§ **What you have to do**: The entries below contain a line with "QUANTO À APRESENTAÇÃO RADIOLÓGICA" and a line with "Kelinul Silicone Scar". Quote exactly those two lines and all lines between them.

§ **Given data**:

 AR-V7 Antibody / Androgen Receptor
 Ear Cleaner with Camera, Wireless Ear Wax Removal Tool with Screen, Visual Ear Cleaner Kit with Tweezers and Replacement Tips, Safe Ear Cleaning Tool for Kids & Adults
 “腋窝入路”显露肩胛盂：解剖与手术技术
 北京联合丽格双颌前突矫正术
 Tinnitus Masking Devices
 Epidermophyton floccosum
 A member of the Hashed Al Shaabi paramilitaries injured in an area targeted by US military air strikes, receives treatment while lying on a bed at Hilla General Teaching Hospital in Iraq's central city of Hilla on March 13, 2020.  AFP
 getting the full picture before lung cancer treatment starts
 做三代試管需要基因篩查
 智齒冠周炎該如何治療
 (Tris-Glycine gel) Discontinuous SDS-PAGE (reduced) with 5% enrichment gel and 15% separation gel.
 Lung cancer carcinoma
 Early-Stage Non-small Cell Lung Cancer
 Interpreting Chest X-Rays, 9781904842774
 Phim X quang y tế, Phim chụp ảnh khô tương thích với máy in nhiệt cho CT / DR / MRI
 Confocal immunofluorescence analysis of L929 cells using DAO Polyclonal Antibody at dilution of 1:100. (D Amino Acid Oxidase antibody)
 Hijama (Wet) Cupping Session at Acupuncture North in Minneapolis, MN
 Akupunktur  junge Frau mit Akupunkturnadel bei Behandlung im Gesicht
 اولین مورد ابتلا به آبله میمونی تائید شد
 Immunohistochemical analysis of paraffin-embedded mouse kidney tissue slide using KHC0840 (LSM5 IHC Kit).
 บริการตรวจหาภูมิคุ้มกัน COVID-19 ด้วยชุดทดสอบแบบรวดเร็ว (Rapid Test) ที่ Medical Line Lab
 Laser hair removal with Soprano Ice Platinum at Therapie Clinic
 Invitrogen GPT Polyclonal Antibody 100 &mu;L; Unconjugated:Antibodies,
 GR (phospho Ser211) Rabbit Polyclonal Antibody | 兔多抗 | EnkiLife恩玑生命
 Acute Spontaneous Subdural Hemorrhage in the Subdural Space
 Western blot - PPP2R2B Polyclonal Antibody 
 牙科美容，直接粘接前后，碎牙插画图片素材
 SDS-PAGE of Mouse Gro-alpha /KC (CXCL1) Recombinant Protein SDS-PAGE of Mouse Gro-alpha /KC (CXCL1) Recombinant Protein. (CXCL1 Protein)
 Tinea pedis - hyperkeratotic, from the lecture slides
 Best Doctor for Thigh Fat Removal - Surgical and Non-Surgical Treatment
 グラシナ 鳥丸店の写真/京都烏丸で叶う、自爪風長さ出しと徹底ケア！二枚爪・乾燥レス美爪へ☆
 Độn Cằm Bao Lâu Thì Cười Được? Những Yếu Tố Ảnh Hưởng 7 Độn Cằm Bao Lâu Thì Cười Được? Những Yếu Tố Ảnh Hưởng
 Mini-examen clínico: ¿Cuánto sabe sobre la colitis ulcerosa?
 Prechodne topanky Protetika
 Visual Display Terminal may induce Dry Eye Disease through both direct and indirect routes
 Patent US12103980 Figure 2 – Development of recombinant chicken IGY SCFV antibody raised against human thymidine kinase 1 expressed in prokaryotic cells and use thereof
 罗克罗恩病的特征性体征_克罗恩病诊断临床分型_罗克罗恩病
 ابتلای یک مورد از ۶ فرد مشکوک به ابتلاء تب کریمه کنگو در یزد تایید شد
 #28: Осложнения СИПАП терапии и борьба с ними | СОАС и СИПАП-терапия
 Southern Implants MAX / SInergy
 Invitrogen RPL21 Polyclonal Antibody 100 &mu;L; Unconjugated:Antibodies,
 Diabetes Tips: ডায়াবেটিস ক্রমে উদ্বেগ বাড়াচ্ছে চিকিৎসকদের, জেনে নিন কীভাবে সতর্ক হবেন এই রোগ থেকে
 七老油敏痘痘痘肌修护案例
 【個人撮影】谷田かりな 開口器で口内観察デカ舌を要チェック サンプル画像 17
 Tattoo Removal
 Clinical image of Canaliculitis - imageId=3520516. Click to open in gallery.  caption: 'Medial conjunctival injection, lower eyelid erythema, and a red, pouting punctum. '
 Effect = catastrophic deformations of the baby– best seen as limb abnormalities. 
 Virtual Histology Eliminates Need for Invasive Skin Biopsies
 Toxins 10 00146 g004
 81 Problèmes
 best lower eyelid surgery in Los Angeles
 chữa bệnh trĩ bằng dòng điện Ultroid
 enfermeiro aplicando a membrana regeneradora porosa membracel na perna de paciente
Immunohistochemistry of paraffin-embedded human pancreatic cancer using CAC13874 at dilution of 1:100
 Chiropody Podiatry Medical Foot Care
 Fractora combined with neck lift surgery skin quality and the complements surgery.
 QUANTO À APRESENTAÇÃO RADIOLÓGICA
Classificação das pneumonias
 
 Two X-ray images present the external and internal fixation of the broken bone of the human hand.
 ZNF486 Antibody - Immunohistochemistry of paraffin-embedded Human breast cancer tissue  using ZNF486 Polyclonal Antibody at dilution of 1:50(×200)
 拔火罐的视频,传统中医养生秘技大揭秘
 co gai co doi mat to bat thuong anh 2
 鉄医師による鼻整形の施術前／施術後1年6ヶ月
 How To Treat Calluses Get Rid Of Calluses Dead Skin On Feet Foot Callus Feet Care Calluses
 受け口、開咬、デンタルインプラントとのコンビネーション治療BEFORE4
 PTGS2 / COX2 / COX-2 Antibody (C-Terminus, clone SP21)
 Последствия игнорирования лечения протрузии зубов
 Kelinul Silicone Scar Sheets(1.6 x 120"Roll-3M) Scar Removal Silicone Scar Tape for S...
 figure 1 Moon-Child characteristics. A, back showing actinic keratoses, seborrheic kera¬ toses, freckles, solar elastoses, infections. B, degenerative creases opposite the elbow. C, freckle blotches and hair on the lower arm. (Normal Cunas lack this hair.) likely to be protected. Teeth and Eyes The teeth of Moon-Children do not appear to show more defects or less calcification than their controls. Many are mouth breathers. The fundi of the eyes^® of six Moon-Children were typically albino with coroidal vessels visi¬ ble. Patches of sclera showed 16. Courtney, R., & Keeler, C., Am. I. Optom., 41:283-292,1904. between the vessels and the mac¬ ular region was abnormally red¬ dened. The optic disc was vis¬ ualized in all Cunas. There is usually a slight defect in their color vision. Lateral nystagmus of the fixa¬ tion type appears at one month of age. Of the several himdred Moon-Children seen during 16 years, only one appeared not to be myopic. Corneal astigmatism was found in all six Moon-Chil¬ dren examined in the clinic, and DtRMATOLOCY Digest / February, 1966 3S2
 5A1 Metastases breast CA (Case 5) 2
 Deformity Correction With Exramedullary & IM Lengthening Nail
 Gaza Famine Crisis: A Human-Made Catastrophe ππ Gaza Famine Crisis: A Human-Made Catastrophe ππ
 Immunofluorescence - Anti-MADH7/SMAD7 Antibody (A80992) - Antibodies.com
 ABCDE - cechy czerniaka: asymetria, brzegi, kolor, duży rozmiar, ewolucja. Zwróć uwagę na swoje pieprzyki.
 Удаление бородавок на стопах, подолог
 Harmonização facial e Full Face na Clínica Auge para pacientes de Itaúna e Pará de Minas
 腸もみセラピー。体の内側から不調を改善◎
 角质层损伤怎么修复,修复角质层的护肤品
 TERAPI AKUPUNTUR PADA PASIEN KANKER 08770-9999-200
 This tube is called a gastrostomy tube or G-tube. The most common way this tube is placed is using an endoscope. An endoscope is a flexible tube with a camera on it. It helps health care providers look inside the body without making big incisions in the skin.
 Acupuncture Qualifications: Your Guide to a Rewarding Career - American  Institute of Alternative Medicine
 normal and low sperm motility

§ **Exercise output**:
 QUANTO À APRESENTAÇÃO RADIOLÓGICA
Classificação das pneumonias
 
 Two X-ray images present the external and internal fixation of the broken bone of the human hand.
 ZNF486 Antibody - Immunohistochemistry of paraffin-embedded Human breast cancer tissue  using ZNF486 Polyclonal Antibody at dilution of 1:50(×200)
 拔火罐的视频,传统中医养生秘技大揭秘
 co gai co doi mat to bat thuong anh 2
 鉄医師による鼻整形の施術前／施術後1年6ヶ月
 How To Treat Calluses Get Rid Of Calluses Dead Skin On Feet Foot Callus Feet Care Calluses
 受け口、開咬、デンタルインプラントとのコンビネーション治療BEFORE4
 PTGS2 / COX2 / COX-2 Antibody (C-Terminus, clone SP21)
 Последствия игнорирования лечения протрузии зубов
 Kelinul Silicone Scar Sheets(1.6 x 120"Roll-3M) Scar Removal Silicone Scar Tape for S...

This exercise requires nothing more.